Discussion in 'DNA Questions and Answers' started by Liberty, May 19, 2014.

  1. peter

    peter Administrator Staff Member

    You're right, his father may not have been called Robert - but is there another Robert after whom he may have been named? If not, then it's a good working hypothesis to assume that his natural father was called Robert.

    It's possible the reason why his date of birth coincides with his mother's date of death is because - when asked - he didn't know when he was born.

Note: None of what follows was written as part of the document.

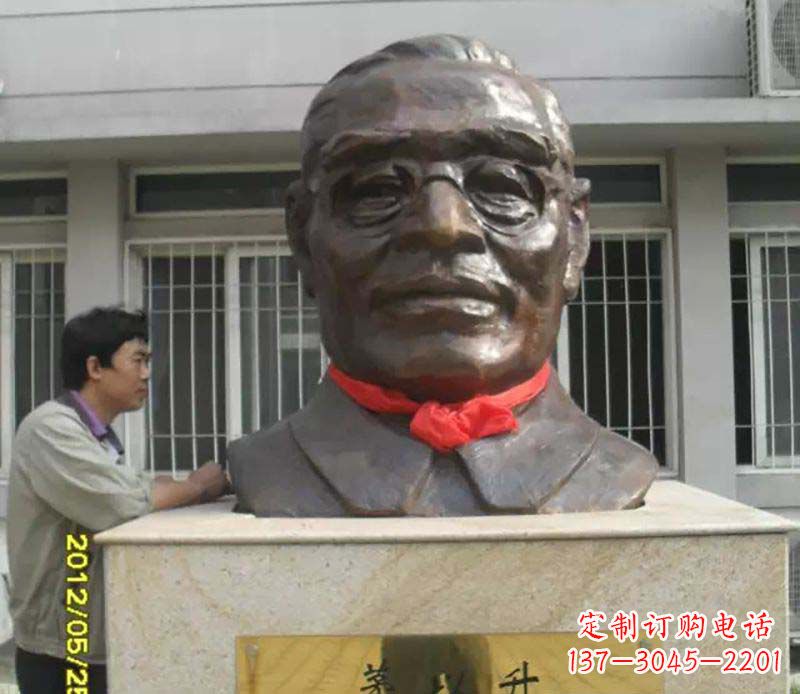 温州领雕塑：打造精致头像铜雕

Suppose the follow-up question was "How old were you when your mother died?". If he then said 16 then I can certainly imagine some official writing down his birthdate as 11th December 1855 - it's rather like what we do with Shakespeare.

    According to the Workhouses website: Mossbank Industrial Schools, Hogganfield... was intended to "lay hold of and educate neglected and destitute children who, having no parents, or worse whose parents living themselves in vice and profligacy, leave their offspring to grow up in ignorance or become vagrants and criminals." It taught 400 boys trades and 200 girls domestic duties.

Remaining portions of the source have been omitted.